Riddick vs Dracula would be a cool title.


----------



## Rukia (Mar 26, 2013)

Are they bringing back Jack?  Thought she was way more interesting than Riddick.


----------



## Tranquil Fury (Mar 26, 2013)

She died if I recall saving Riddick against the Lord Marshal but not sure if this is a prequel, sequel or stand alone.


----------



## Jay. (Apr 1, 2013)

yes, yes, yes, yes


----------



## Sanity Check (May 15, 2013)

new trailer


----------



## MF NaruSimpson (May 15, 2013)

doesn't look like part 2 has been forgotten, which is unfortunate


----------



## Detective (May 15, 2013)

Tremors Meets Snakes On A Planet?


----------



## Mael (May 17, 2013)

This pleases me.


----------



## gumby2ms (Jul 27, 2013)




----------



## Tempproxy (Jul 27, 2013)

Wasn't he meant to be the new overlord to that alien race so what's he doing being hunted again.


----------



## gumby2ms (Jul 27, 2013)

there is a small motion comic describing his time as lord marshal(check riddick wiki). seems infighting leads to him on this crap planet and rest is to be seen.


----------



## Ubereem (Aug 4, 2013)

What happened to his Army at the end of Chronicles?


----------



## MF NaruSimpson (Aug 4, 2013)

this shit looks terrible even in the preview.  part 2 was so bad it killed the franchise for me


----------



## butcher50 (Aug 4, 2013)

Ubereem said:


> What happened to his Army at the end of Chronicles?
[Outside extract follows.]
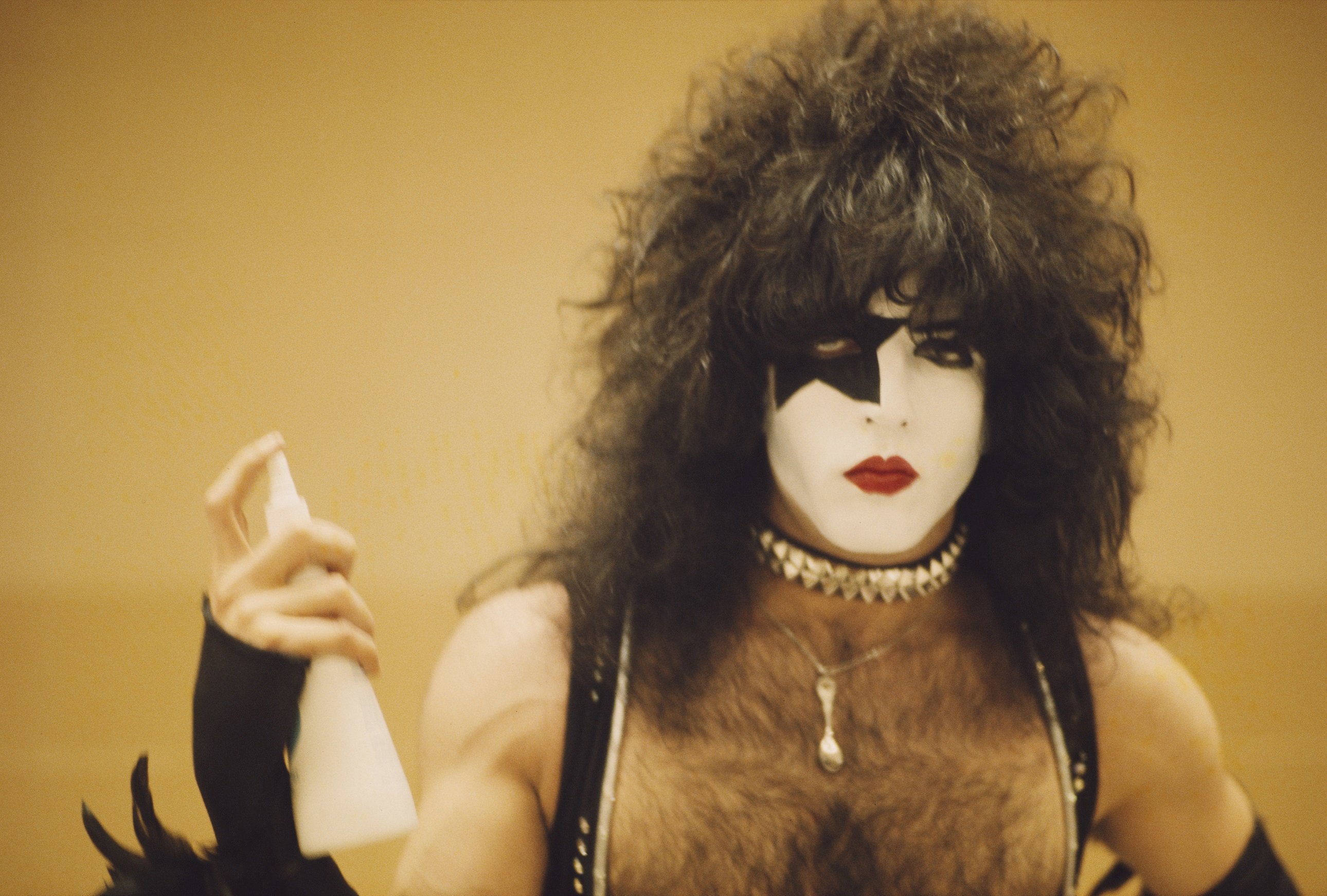 Kiss' Paul Stanley holding a spray bottle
[YOUTUBE]http://www.youtube.com/watch?v=xdP2IWkFV7k[/YOUTUBE]

_
"it's always the punch you don't see coming that puts you down"_


----------



## Sanity Check (Sep 10, 2013)

...

9.5 / 10.

.


----------



## The Big G (Sep 10, 2013)

Katee Sackhoff has a nice sideboob


----------



## Rukia (Sep 10, 2013)

Scary how underrated Riddick is on this board.


----------



## Aging Boner (Sep 10, 2013)

better than most of the shit that came out this summer.


----------



## gumby2ms (Sep 10, 2013)

i actually liked it. some was derivitive but the amount of new shit they had present had to be acknowledged. the amount of merc story building through all the games and movies is interesting. no wonder the next game is gonna be merc based. reminds em of good old days of mercenaries. still miles better then FF and RE who spout out endless movies of far thinner plots.


----------



## Rukia (Sep 10, 2013)

Aging Boner said:


> better than most of the shit that came out this summer.
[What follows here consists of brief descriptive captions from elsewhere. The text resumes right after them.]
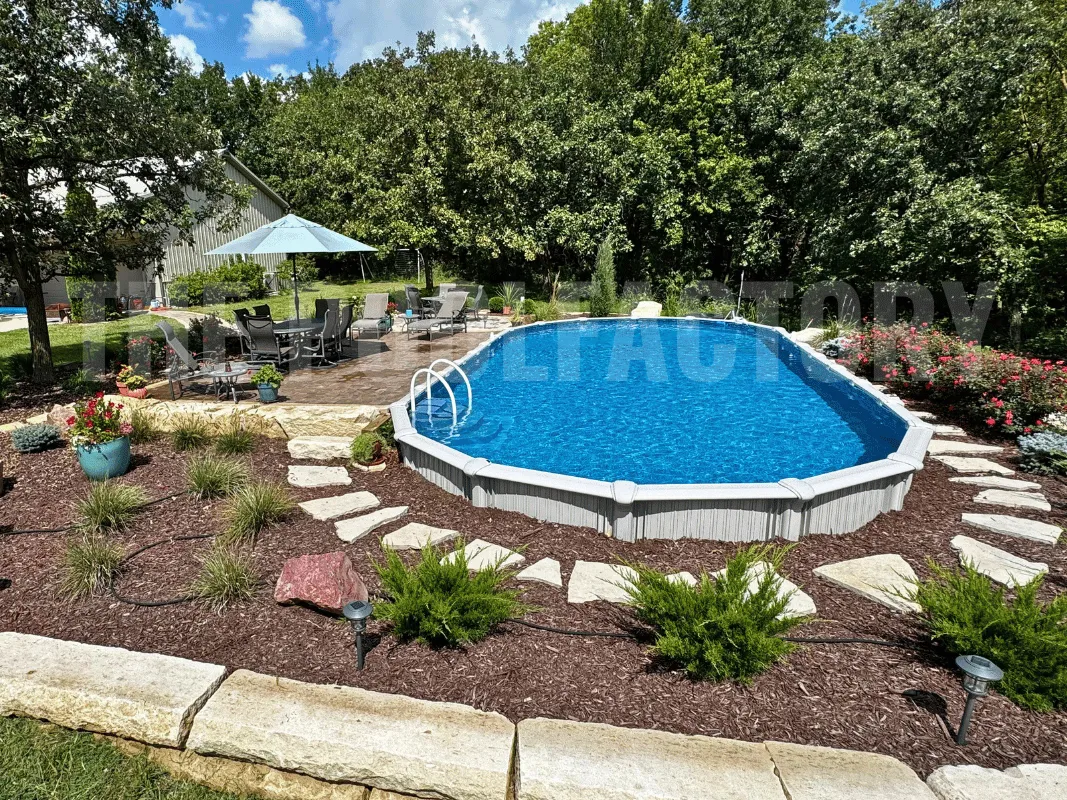 Modern backyard with semi-inground pool, stone patio area, decorative mulch, and blooming flowers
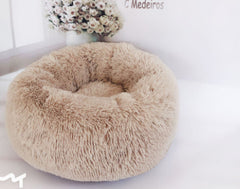 Cozy beige fluffy pet bed with soft texture, perfect for cats or small dogs
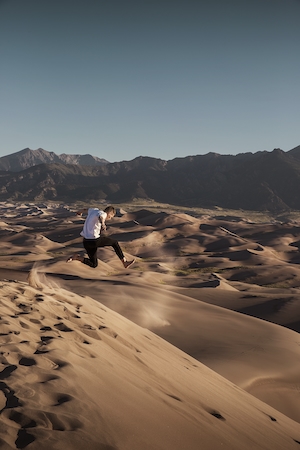 песчаные дюны, барханы, каньон, отвесные скалы, человек в прыжке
tell me about it.  Iron Man 3 set cinema back a decade!  That film was a disaster.


----------



## Muah (Sep 10, 2013)

New movie wasn't that good.


----------



## Aging Boner (Sep 10, 2013)

Rukia said:


> tell me about it.  Iron Man 3 set cinema back a decade!  That film was a disaster.



at the very least IM3 was memorable in that regard...I can hardly remember anything else I watched this summer. 

The so called summer blockbusters this year were all around either terrible or completely forgettable...I don't know which is the bigger sin tbh.


----------



## Swarmy (Sep 11, 2013)

I have to say I was really impressed by the creatures design, they were far more fearce than the ones in Pitch Black.


----------